__Supplied information__:
★ ★ ★ ★ ★ ★ ★

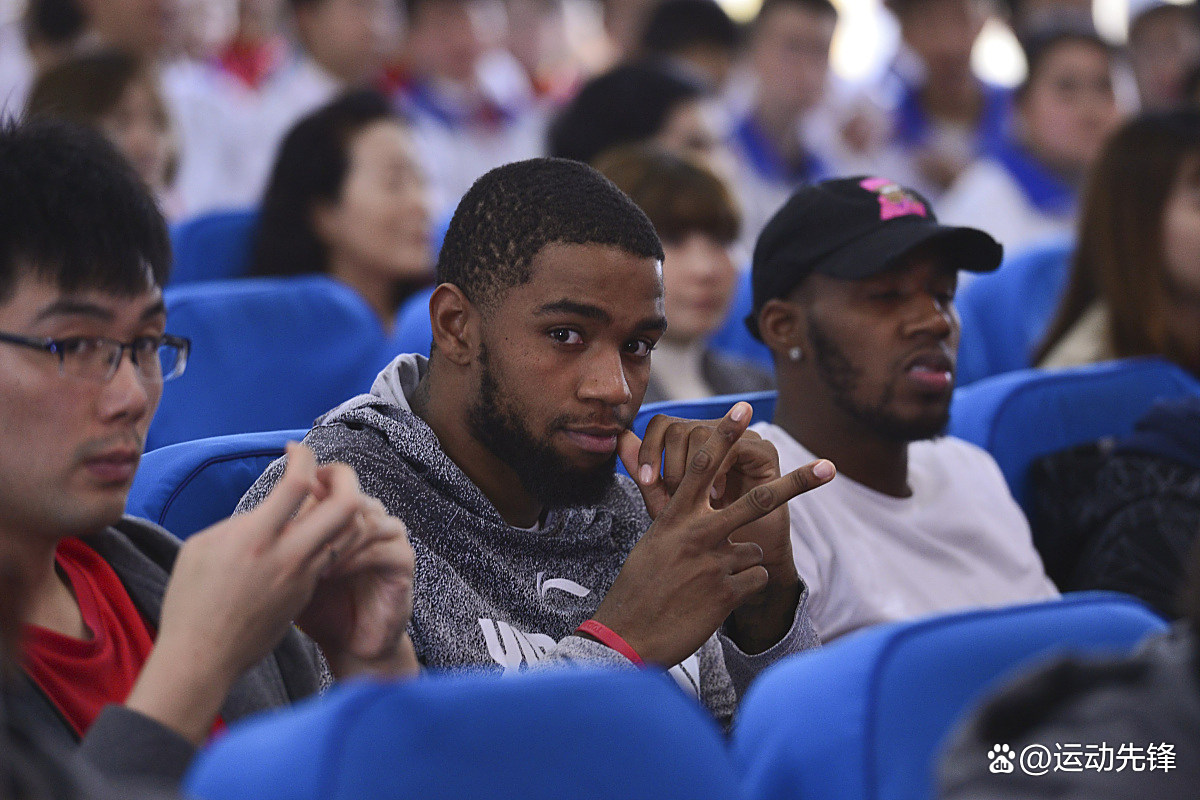 篮球巨星公布伤停消息，球迷心情低落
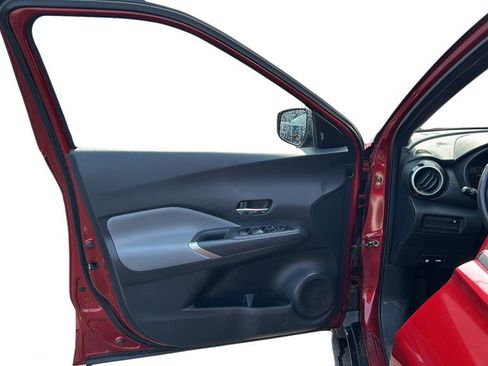 Used 2021 Nissan Kicks SR w/ SR Premium Package FWD image 10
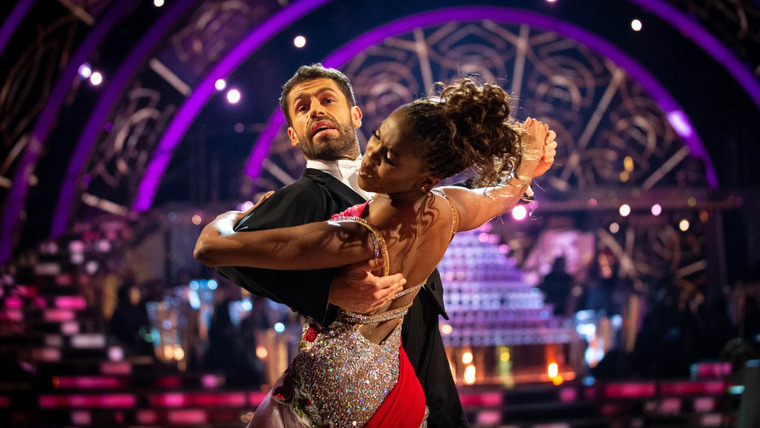 Strictly Come Dancing — s17e23 — Week 12 Semi-Final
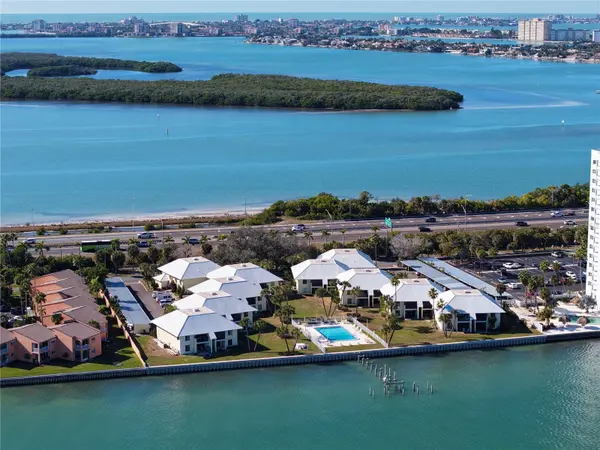 7310 SUNSHINE SKYWAY LN S #112, St Petersburg, FL 33711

★ ★ ★ ★ ★ ★ ★

__What you will do__: In the answer, retype exactly and only the lines from the one holding "Strictly Come Dancing" through the end of the listing, keeping both ends and dropping every picture.

__Output of the exercise__:
 Strictly Come Dancing — s17e23 — Week 12 Semi-Final
 7310 SUNSHINE SKYWAY LN S #112, St Petersburg, FL 33711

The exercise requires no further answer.